In February 2001, MTV News revealed that the first release from the album would be titled "All 4 U"; it would be sent to radio stations in the following weeks, with an accompanying video being filmed shortly thereafter. Jam described the track as an "'80s-sounding" dance number, which "epitomizes the disc's happy vibe". Re-titled as "All for You", the song was made available for download to radio stations on February 27, 2001 as the lead single from the album after being leaked the day prior. On March 6, Virgin Records officially sent the track to contemporary hit, rhythmic contemporary, and urban stations, followed by urban adult contemporary stations a week later. It was made available commercially as a 7-inch vinyl, 12-inch vinyl, cassette, and CD single on March 27, 2001. On April 2, "All for You" was sent to adult contemporary stations in the region, and was released as a maxi CD single in Australia on the same day. In the United Kingdom, the track received a commercial release on April 9, 2001. Afterwards, the song was included on Jackson's greatest hits albums Number Ones (2009) and Icon: Number Ones (2010).

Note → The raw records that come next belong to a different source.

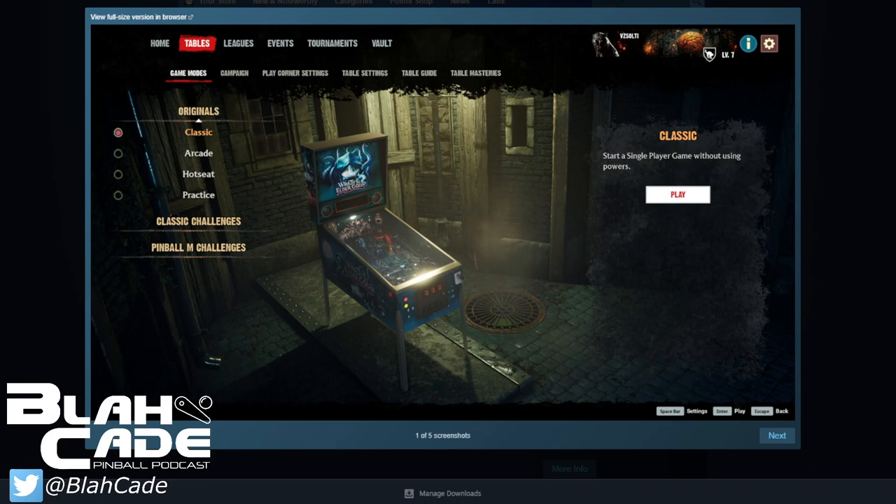I want to show one other thing — a very different looking environment from the Pinball Effects pin room. This particular room looks themed specifically for Wrath of the Elder Gods in its time period. I wonder what happens when more games get added — will each table have its own corner? It almost looks like a corner of an alley. Looking at the UI there's 'Classic Game Modes,' 'Classic Challenges,' 'Pinball M Challenges,' and interestingly — Leagues.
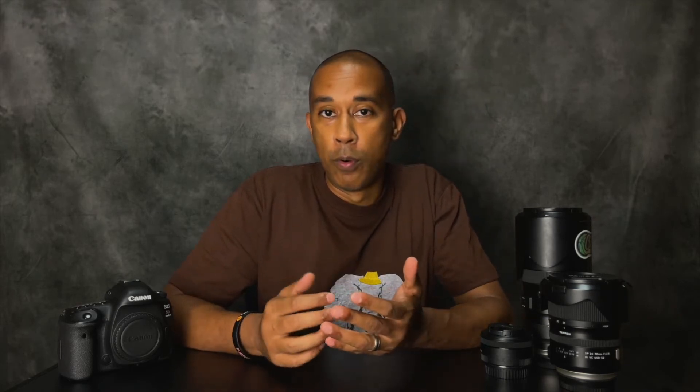They have skins for cameras, lenses, MacBooks, iPhones, and even drones. I ordered a particular skin for my 5D Mark IV and for my iPhone 12 Pro Max, which I'm using to record this video. When you jump to the website they have numerous colors and patterns for all their skins, and I ordered the one called Broken Cosmos.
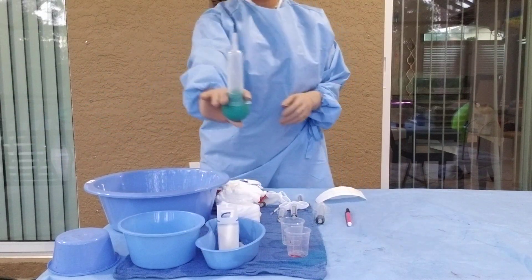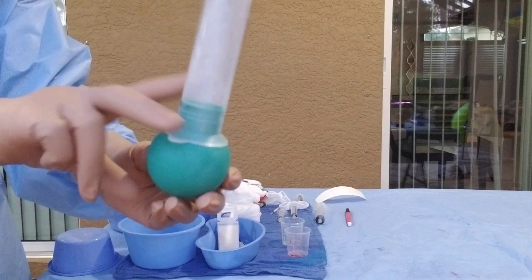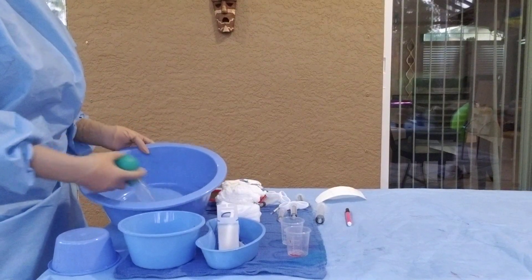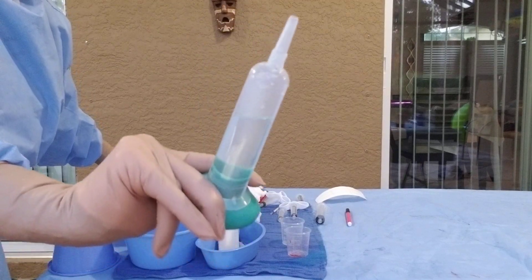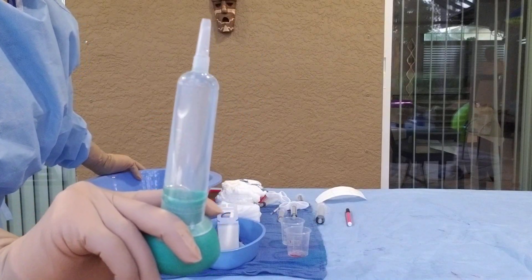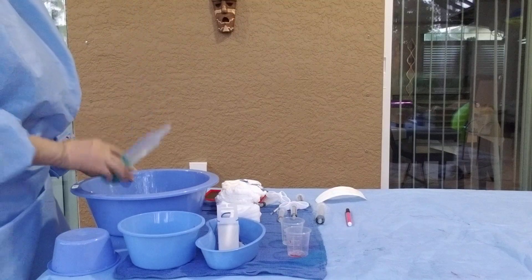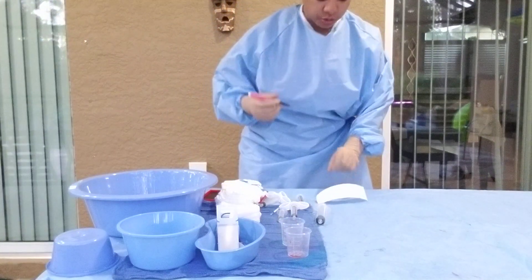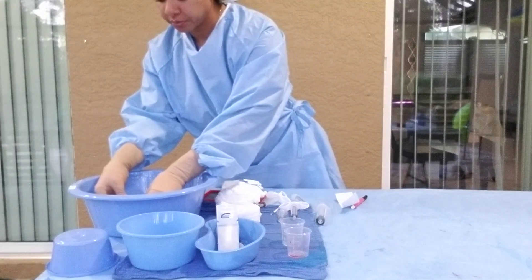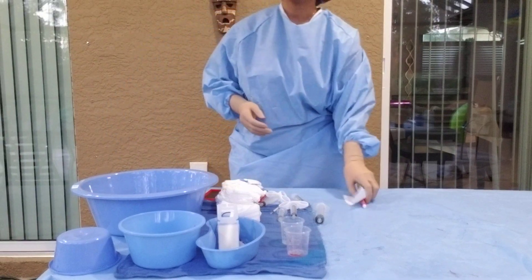Now we're going to prepare. We have our asepto — the squeezable bulb syringe. Most of them have two little finger grips. The best way is to hold it, squeeze, and let it fill up — repeat until it's fully filled with saline. Best practice is also to label your asepto, so now it's labeled with what's in it: normal saline / sodium chloride.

==Recording and composition==
"All for You" was recorded at Flyte Tyme Studios in Edina, Minnesota. It was co-written and produced by Jackson with Jam and Lewis. Due to the sample's usage, Wayne Garfield, David Romani, and Mauro Malavasi also received songwriting credits. Instrumentation included guitar by David Barry, and drums by Alex Richbourg, who also did MIDI programming; Jam and Lewis played all additional instruments on the track. It was recorded and mixed by Steve Hodge, with assistance by Brad Yost and Xavier Smith, and mastered by Brian "Big Bass" Gardner at Bernie Grundman Mastering in Hollywood, along with all tracks present on All for You.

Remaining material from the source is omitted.